Vermont’s aviation community has gained a new resource for state-level advocacy with the launch of an association designed to help the state’s diverse aviation interests speak with one voice to promote the sector.
Bringing all facets of aviation together to work for the future growth of aviation in Vermont and increase public awareness of its contributions will be the focus of the Vermont Aviation Management Association, said Guy Rouelle, the group’s leader and recently retired state aeronautics administrator, who is a pilot, planner, and aviation engineer.
With its new advocacy arm, Vermont’s aviation sector joins New Hampshire, Massachusetts, New York, and other states in the region in strengthening the industry’s voice in policy discussions and public education.
Elizabeth Deringer, a long-time colleague of Rouelle’s with a “strong business management background,” will be VAMA’s executive director, he said. A website for the organization was expected to debut around Aug. 11, according to a new Facebook page for the group.
Long-term policy priorities, such as protecting a permanently extended sales and use tax exemption for aircraft sold to businesses engaged in air commerce and parts and equipment installed on all aircraft, are planned.
Nearer term, Rouelle expressed concern that the state government position in which he served starting in 2011 has gone unfilled since he vacated the post in early June.
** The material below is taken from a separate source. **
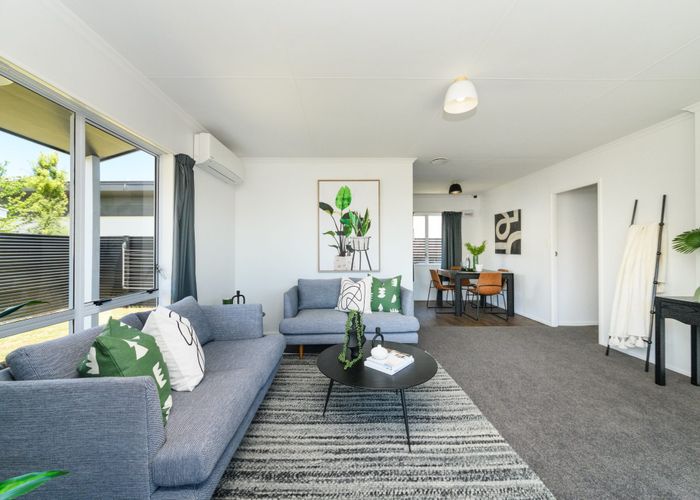  at 2 Coromandel Court, Roslyn, Palmerston North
That leaves the leadership of a 22-employee governmental unit, and the management of aviation infrastructure in the 16-airport system, which has seen $70 million in improvements in the last four years, in limbo, he said, adding that when he was named to fill the classified state job in 2011, it had been vacant for only three weeks.
Ten of the state’s public-use airports have been state-owned since 1978; the others are privately owned, he said.
AOPA “actively engages with and supports aviation advocacy associations all across the country, particularly across the Northeast where competition at airports for increased aviation business is fierce due to the relatively small states, differing levels of taxation, and proximity of airports in neighboring states,” said Sean Collins, AOPA’s Eastern Region manager.
“AOPA members in Vermont should support this new local organization. It will serve to benefit them as pilots,” he said.